This is a diagram of the inner line of the GIRR Mountain Division.
Track in dotted lines is hidden. The elevation of the inner line ranges
between 50" and 59" from the floor. This is a diagram of the inner line of the GIRR Mountain Division.
Track in dotted lines is hidden. The elevation of the inner line ranges
between 50" and 59" from the floor.
The trolley line is flex track bent to a 1' radius. The Bachmann trolley can deal with this radius, barely anyway. Trolley control can be either fully automatic or manual. The trolley makes two timed stops in town with controlled deceleration and acceleration and then makes a much longer (up to 5 minute) stop in the hidden section. The reversing loops are one way with spring switches.
The maximum grade on the inner line is 4.2% which restricts train length to an average of 4 or 5 cars. Curves are almost all 2' radius with one section at 2.5'.

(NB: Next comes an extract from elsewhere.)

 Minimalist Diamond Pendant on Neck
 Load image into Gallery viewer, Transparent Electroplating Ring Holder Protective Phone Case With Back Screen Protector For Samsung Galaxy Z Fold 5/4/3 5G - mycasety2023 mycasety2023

The track is a combination of LGB sectional and flex track and Aristo sectional track. As far as I can tell, the two types are functionally interchangeable. Being indoors, track cleaning is required maybe once a year since all the wheels are metal from San-Val. Turnouts are all 1200 type with all of the left turnouts being LGB and most of the right turnouts being Aristo. This is just an artifact of what was available at San-Val the day that I bought much of the track.

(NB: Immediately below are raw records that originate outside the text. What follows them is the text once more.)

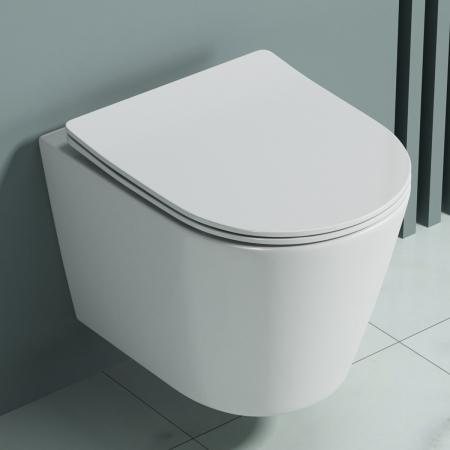 Vase WC - Vas WC Astra-A108short suspendabil, Rimless, Softclose, alb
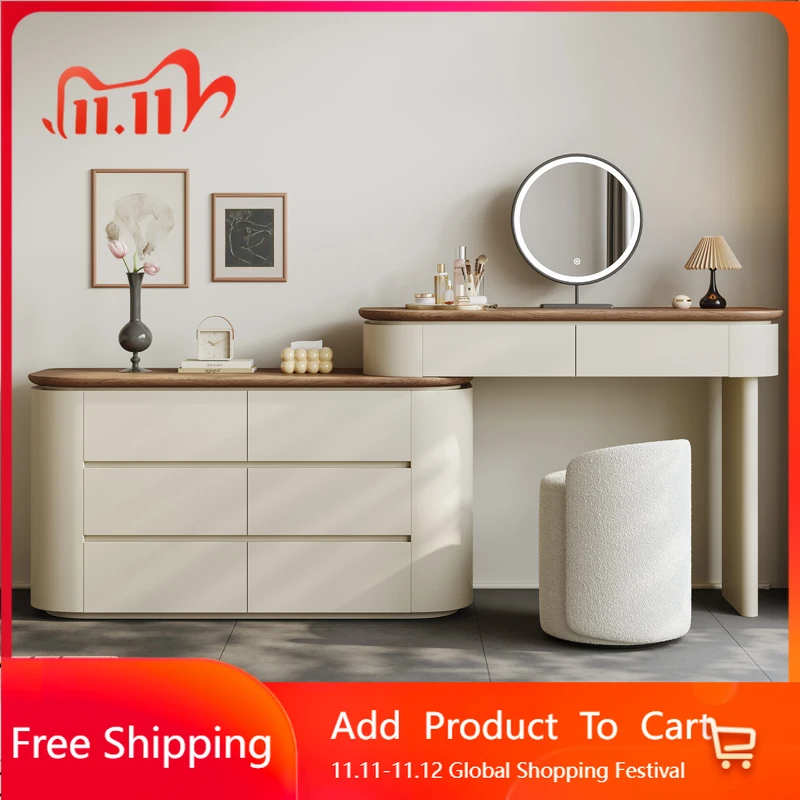 

Regale Makeup Vanity Table Light Mirror Glamour Italian Style Dressing Table Design Retractable Reception Beauty Home Furniture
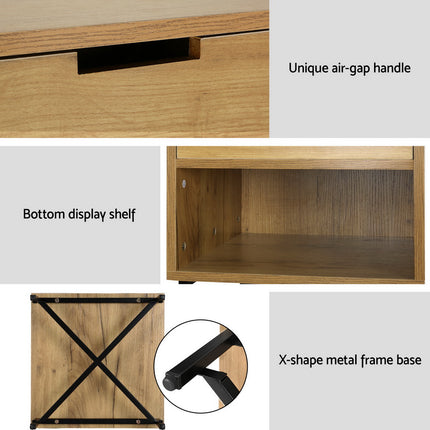 Artiss Bedside Table Drawers Side Table Shelf Storage Nightstand Rust Oak KRAVU.
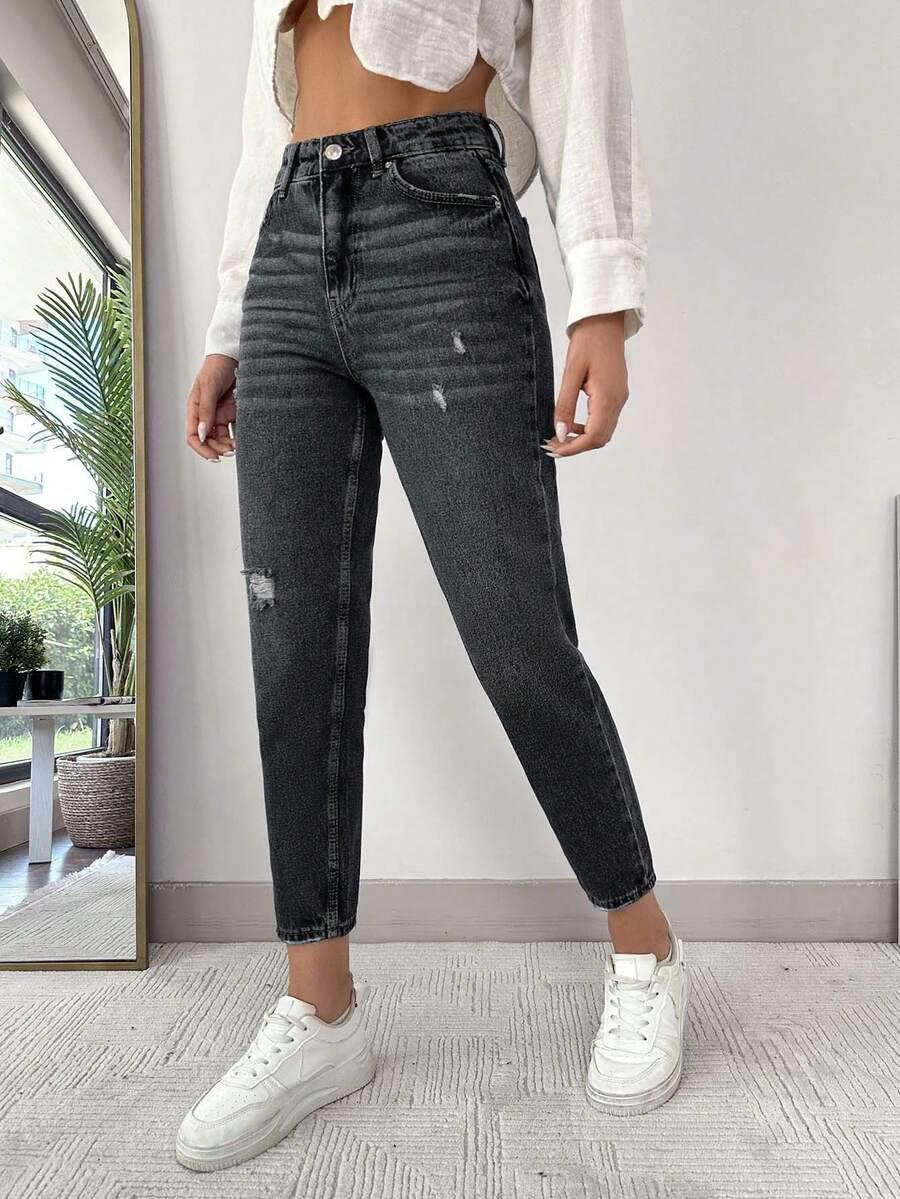 CZARNE SPODNIE JEANS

This is the outer or main line which is wrapped around the room.
Most of this line is about 9" to 12" above the inner line (59" to 62"
from the floor) except at the interchange where the inner line rises to
meet the outer line. The interchange track is split between the inner
and outer line drawings at the lower center of the drawings.

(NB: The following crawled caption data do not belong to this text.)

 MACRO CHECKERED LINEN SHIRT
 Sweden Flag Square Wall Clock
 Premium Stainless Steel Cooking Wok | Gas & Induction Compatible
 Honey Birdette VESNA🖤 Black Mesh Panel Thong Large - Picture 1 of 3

Grades on the outer line are 1.5% maximum with most curves being 2' radius. Train lengths can exceed 20 cars with the limiting factor being train straightening in the curves.
This is the upper line. It connects to the other two lines at the
interchange and then climbs a 1 3/4 turn spiral inside the mountain.
This puts it 77" from the floor so that a stepladder is required to
view this level. The mountain is hollow with clear access inside to all
the hidden track. The loop at the other end also has access from inside
the loop.
The reversing loops are conventional one way loops with spring switches. Reversing control on the loops is handled by a home-brew intelligent auto reversing controller which senses train presence at the exit of the loops and determines if the main line should be reversed or not.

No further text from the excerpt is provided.